(MATERIAL FOR THE TASK begins)

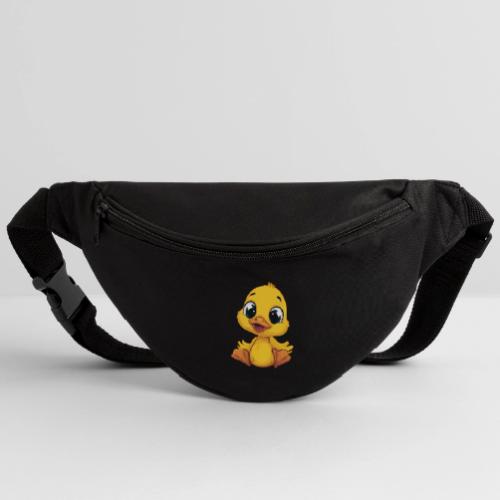 Sweet Yellow Cartoon Duck Sitting Happily - Fanny Pack 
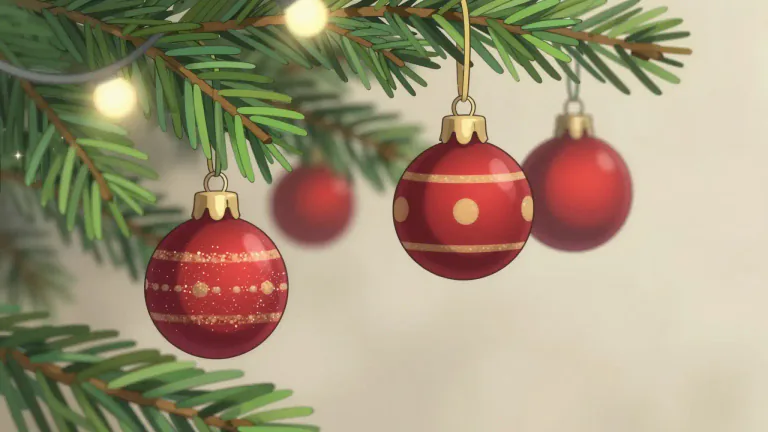 Visual representation of "bauble" - A small and cheap ornament, especially decorative ball hung on a Christmas tree.
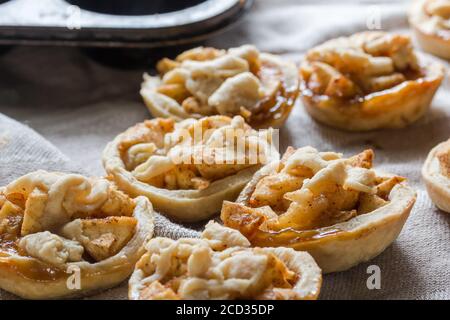 Torte di mele con cannella e decorazione dell'impasto - mela tart-lets primo piano con la messa a fuoco selettiva Foto Stock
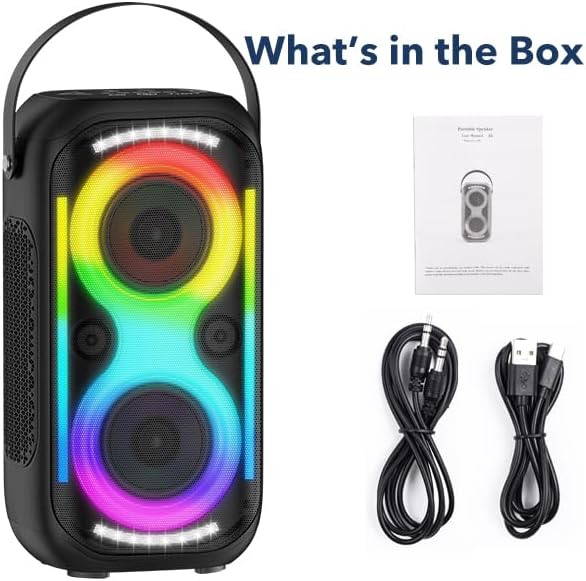 Bluetooth Speaker 160W Loud Wireless Outdoor Portable Big Powerful Deep Bass Sound TWS Large Home Party Speakers with Subwoofer LED Lights(Black)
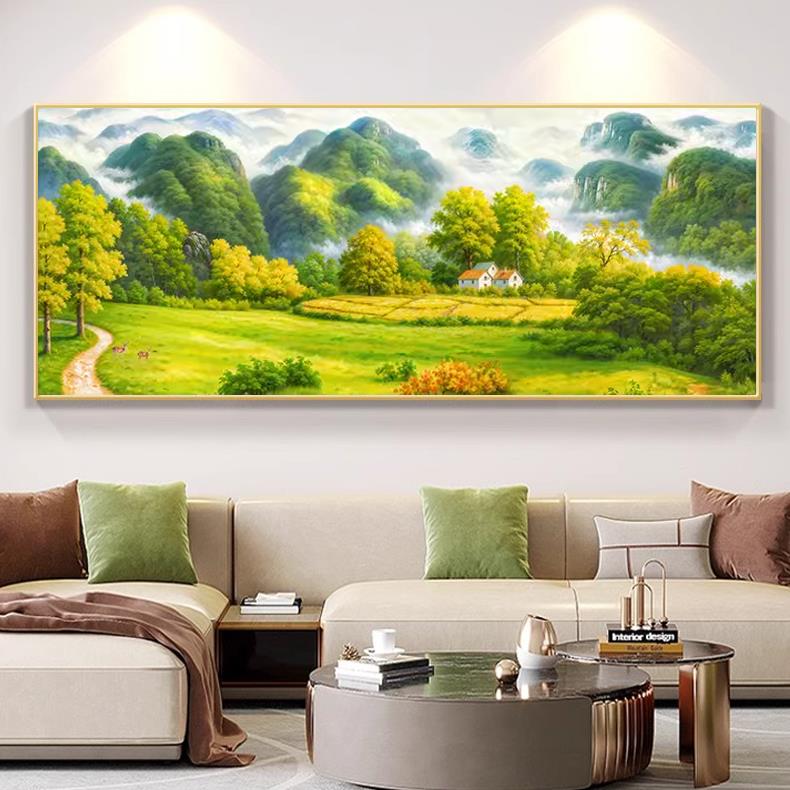 钻石画2024新款客厅大气山水风景十字绣满钻宝地生金招财点钻画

(MATERIAL FOR THE TASK ends)

**HOW TO COMPLETE THIS TASK**
Return the listing unchanged, but drop every picture.

**RESULT FOR THIS EXERCISE**
 Sweet Yellow Cartoon Duck Sitting Happily - Fanny Pack 
 Visual representation of "bauble" - A small and cheap ornament, especially decorative ball hung on a Christmas tree.
 Torte di mele con cannella e decorazione dell'impasto - mela tart-lets primo piano con la messa a fuoco selettiva Foto Stock
 Bluetooth Speaker 160W Loud Wireless Outdoor Portable Big Powerful Deep Bass Sound TWS Large Home Party Speakers with Subwoofer LED Lights(Black)
 钻石画2024新款客厅大气山水风景十字绣满钻宝地生金招财点钻画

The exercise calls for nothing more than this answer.